# Wanting to turn this hex into a NPT, ideas?



## Saphira101 (Nov 14, 2012)

Hey guys, scored this 7-10 gallon hex at a yard sale the other day, and I think it would make a great NPT, maybe put a plakat betta and some snails in it. Any ideas? ;-)

Here's a pic of the tank:











Thanks!
Saphira


----------



## Kiara1125 (Feb 1, 2011)

This doesn't belong in this section, but it's a good idea!


----------



## Saphira101 (Nov 14, 2012)

Oh shoot. O.O

Meant to post it in Bowls, Habitats and Accessories. Whoops! I'll PM a mod and ask if they can move this.


----------



## Kiara1125 (Feb 1, 2011)

Haha, good idea.


----------



## ao (Feb 29, 2012)

thread relocated 

great find btw  I'd go for tall plants~ stems do well


----------



## Saphira101 (Nov 14, 2012)

Thank you so much aokashi!


----------



## peachii (Jan 6, 2013)

It's deep so i would recommend white substrate cap on top of whatever "dirt fert" you use, to reflect the light a bit.

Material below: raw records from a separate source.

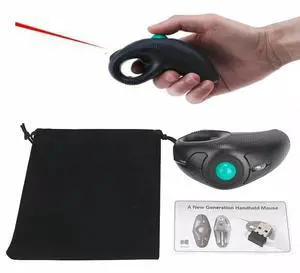 New USB Wireless PC Laptop Finger HandHeld Trackball Mouse Mice w/ Laser Pointer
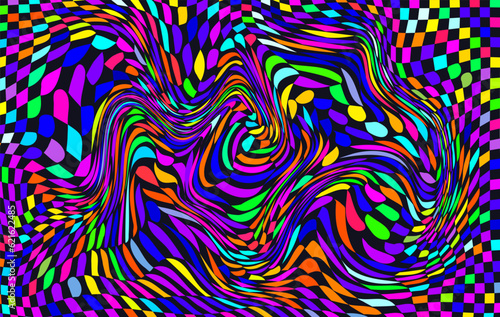 Distorted neon checkered pattern. Abstract euphoria. Hallucination in consciousness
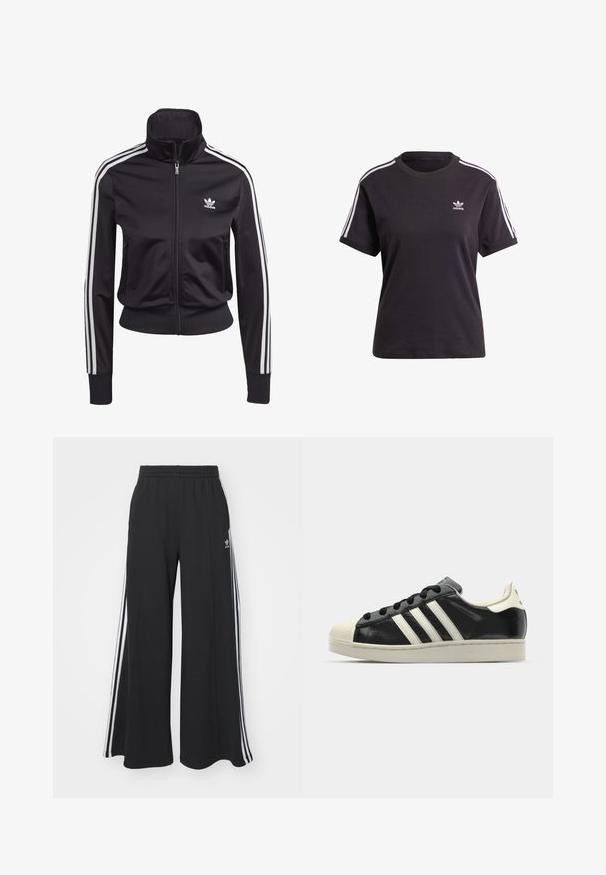 Czarna sportowa kurtka wykonana z gładkiego, lekkiego materiału. Posiada wysoki kołnierz, zamek błyskawiczny oraz trzy białe paski na każdym rękawie.; Czarny bawełniany t-shirt z krótkim rękawem i okrągłym dekoltem, z białymi paskami na ramionach oraz małym białym logo Adidasa na piersi.; Czarne szerokie spodnie dresowe z elastycznym pasem, z białymi paskami po bokach i haftowanym logo na lewej udzie.; Czarne skórzane trampki z białymi paskami, gumowym czubkiem, czarnymi sznurówkami i kremową podeszwą. Gładka faktura z połyskującym wykończeniem.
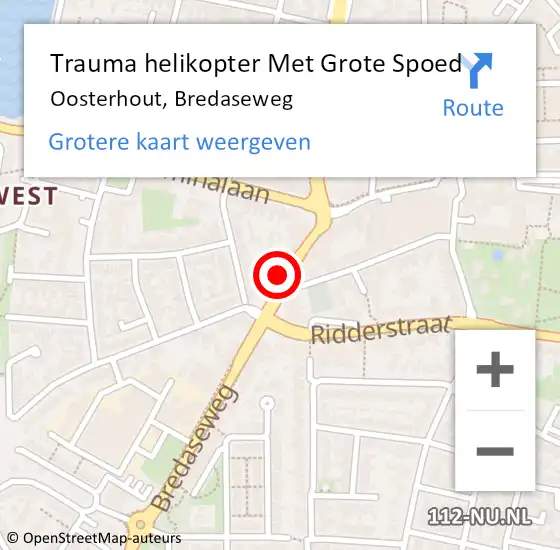 Locatie op kaart van de 112 melding: Trauma helikopter Met Grote Spoed Naar Oosterhout, Bredaseweg op 31 juli 2024 12:31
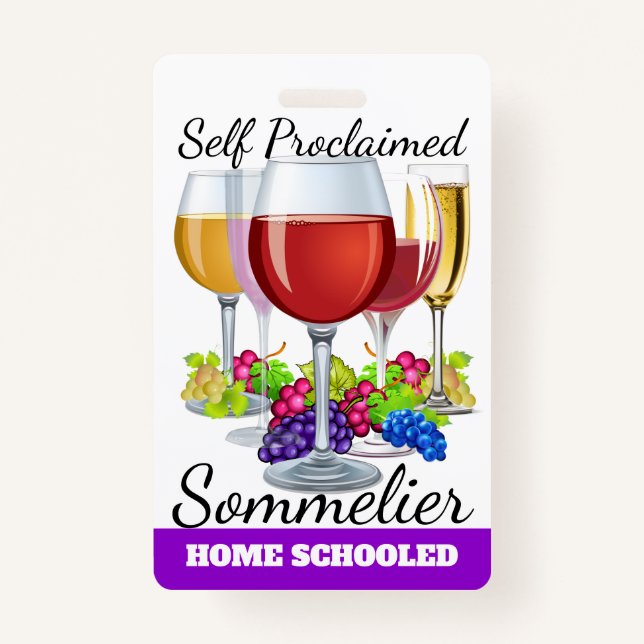 Tarjeta De Identificación Autoproclamada Insignia Sommelier (Anverso)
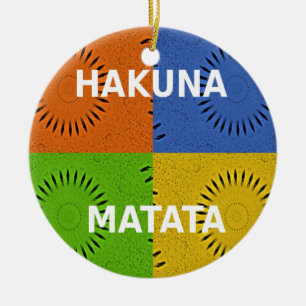 Golden Red Blue Grönt Hakuna Matata Julgransprydnad Keramik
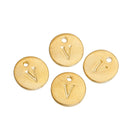 10 Letter V Alphabet Charms Gold Plated Monogram, double sided round disc letter charms, dot charms, 12mm, (1/2") chg0470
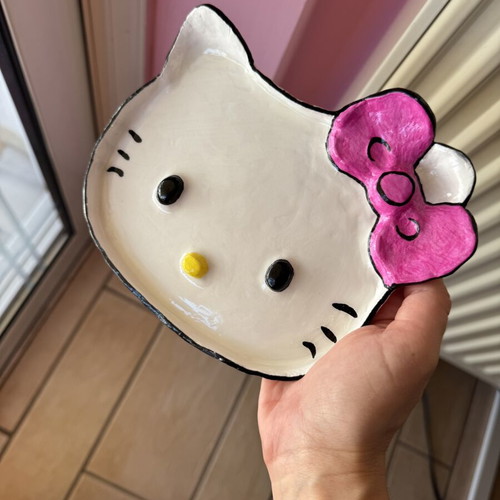Hello Kitty Handmade Decorative Clay Bowl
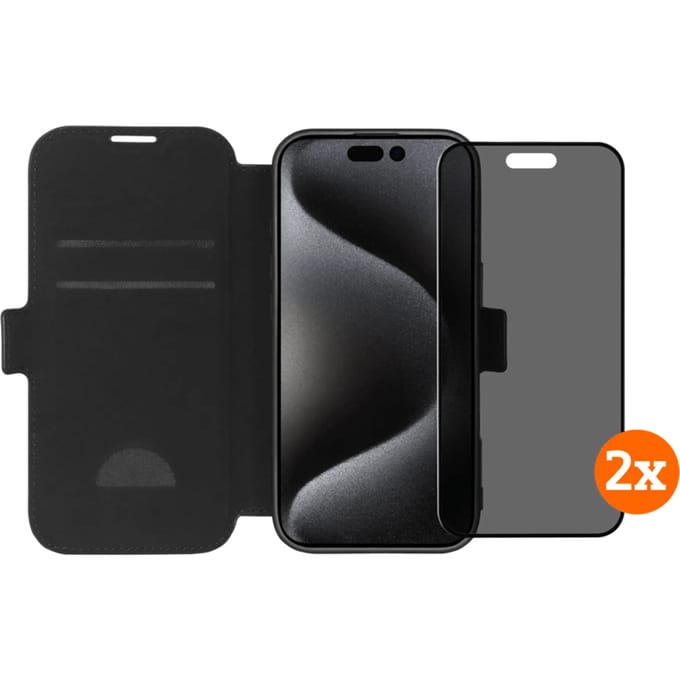BlueBuilt Apple iPhone 16 Pro Book Case Leer Zwart + Privacy Screenprotector Glas Duo Pack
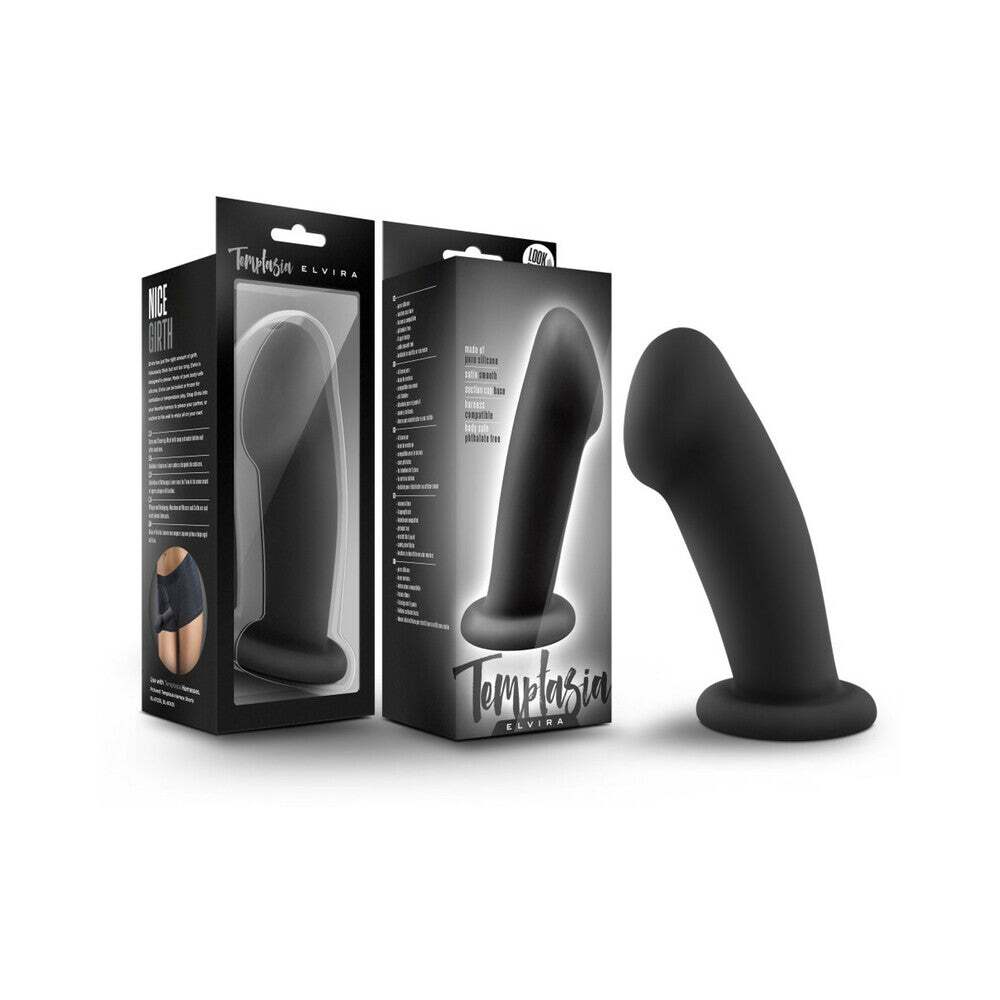 6 inch Dildo by Blush in Black shown for use by Her or Him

So many possibilities with how tall it is, as a lot of plants get to big for a 10 gallon tank to handle.

Got these images off google. so pretty all of them.

Great find!!


----------



## MattsBettas (Dec 18, 2012)

First, you will need to get a proper light... I doubt it came with one. You may have trouble seeing as the lid isn't standard. aokashi knows a lot more about lighting then me, so ask him/her (sorry ao, I can't tell from your anonymous profile XD) any specific questions about that. 

I agree, tall plants would be great and give the betta some resting spots near the top of the tank.

Read ofl's sticky in this section!


----------



## Kiara1125 (Feb 1, 2011)

You should get some rotala rotundifolia for it. It's green, but turns pink under high light. It's so pretty and it gets really tall and the leaves kinda fan out.










My tank with rotala right in the front 

This









Turned into this ...









And then this ... xD









Also, same betta in the pic fwiw  (turned out to be a male PK instead of a female VT like I bought him as xD)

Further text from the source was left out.